In his speech to the Mexican Ministry of Foreign Affairs, Biden said, “For the first time in all of our lives, looking at the entire Western Hemisphere, it is possible to envision a hemisphere that is middle class, democratic and secure…The rise of the Mexican middle class, more than 40 million, has not only bettered the lives of the Mexican people but it has created incredible opportunities inside of Mexico and outside of Mexico…Our border is the site of more than a billion dollars a day in trade.  But is there any reason why -- is there any one of you businessmen or women in here can't rationally picture 10 years from now that being $2 billion?”

He added, “There are steps where each of us can take to drive growth and innovation on both sides of the border.  We are convinced that innovation flourishes where people can breathe free air as they do in Mexico and America, where they have a court system that's free of corruption and adjudicates disputes fairly, where intellectual property is protected.”

Saunders said that embassy representatives in both Mexico and Washington, D.C. see UNM as a good partner. “And, Mauricio Ibarra Ponce de León [Consul of Mexico in Albuquerque] is a strong supporter,” she said.

UNM officials and others have been exploring ways to increase the enrollment of Mexican students at UNM. UNM recently hosted a group of leaders from a consortium of private universities and institutes in Mexico, AIESPEM. President Bob Frank signed documents with Iztel Carmona, president of AIESPEM.

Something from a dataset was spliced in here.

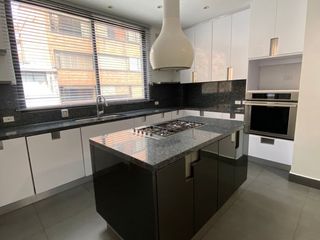 Foto 2 de apartamento en arriendo/venta en los rosales. Cod A8408353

He said, “We are excited to expand partnerships by opening an office in Mexico City, developing programs to expand study abroad and exchange programs and increase partnerships with Mexican colleges and universities.” The partnership will allow for discounted tuition for students from Mexican partner institutions, he added.

Saunders, who wants the office open by July 1, is in the process of identifying potential candidates for manager of academia for the Mexico City office. “The office will be used to recruit Mexican students to UNM, and to support sending UNM students to safe places in Mexico to study abroad. We want the office to develop relationships with Mexican universities and with the embassy,” she said.  

“Research opportunities in Mexico should be of interest to faculty, while students with financial restraints will find Mexico an inexpensive yet valuable place to go for study abroad,” she said.

“Establishing a recruitment pipeline takes about 18 months to build,” Saunders said. “We should see a small increase by fall of 2015,” she added.

Mexican institutions have expressed interest in English language instruction, which is a core mission of CELAC, UNM’s Center for English Language and American Culture, a department within the Global Education Office.

Saunders is hopeful that UNM will be submitting grant proposals, due April 1, to 100,000 Strong in the Americas. A proposal, if funded, could provide up to $25,000, and must demonstrate how the institution will “assert leadership to implement the innovations proposed, address on-campus barriers to academic mobility and how it will commit to making concrete changes to expand access to study abroad.” Up to eight awards for the 100K Strong Americas Innovator grants will be issued to higher education institutions in the western hemisphere, according to their website.

“Mexico is a strategic partner. We share a significant border and culture. The time is right to do this,” Saunders said.